These kinds of details — these conversations that happen all the time in Hollywood — they’re rarely public knowledge. “I was hearing things no outsider could hear,” Salamon says. But sometimes this information — the misogyny — was just openly offered up. Salamon talks about the movie’s cinematographer telling her he would have to use “all kinds of trick lighting to make Melanie look like anything but an old bag.” Griffith was 33 at the time.

My one real critique is that the podcast needs an outside voice who isn’t white to offer some necessary context. Salamon talks about filming the hit-and-run scene in the Bronx. The creative team wanted to show the Bronx the way the Hanks and Griffith characters saw it: “As ominous and threatening — a ‘goddamn war zone’ — and to do that they attempted to push the boundaries of caricature. But those depictions go way beyond caricature. They are offensive. And racist. The street was filled with burning cars and actors in bright clothing. Some played drug addicts stumbling around. And one man playing a pimp was bare-chested, decked out in gold chains.” The script had been widely criticized for straying from the book. But this time, Salamon says, “the moviemakers were very faithful to the book; Tom Wolfe, a white man, had been criticized for stereotyping the people of the Bronx, and those stereotypes were amplified when you could actually see them.”
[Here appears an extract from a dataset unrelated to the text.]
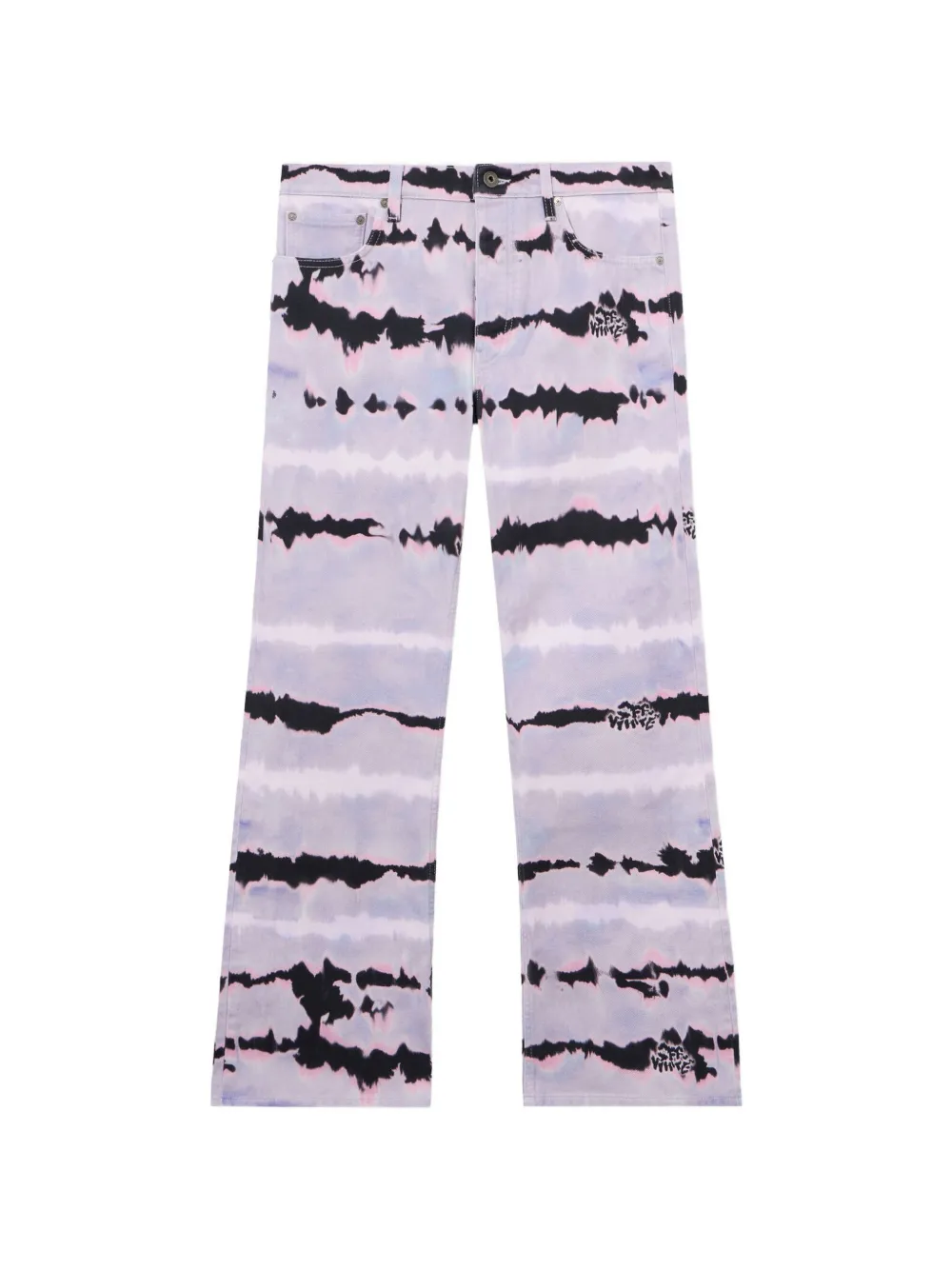 Off-White Jeans con fantasia tie dye - Viola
Bronx residents were there too, watching the cast and crew, and some started throwing eggs. The first assistant director laughs it off but it’s notable that he doesn’t stop to consider why the crew was being egged. Another time, Salamon recalls, a man snuck onto set. He was upset about the fact that “there were no Black crew members on the film and said so to Brian De Palma.” The director’s face went blank and then “this man was taken away.”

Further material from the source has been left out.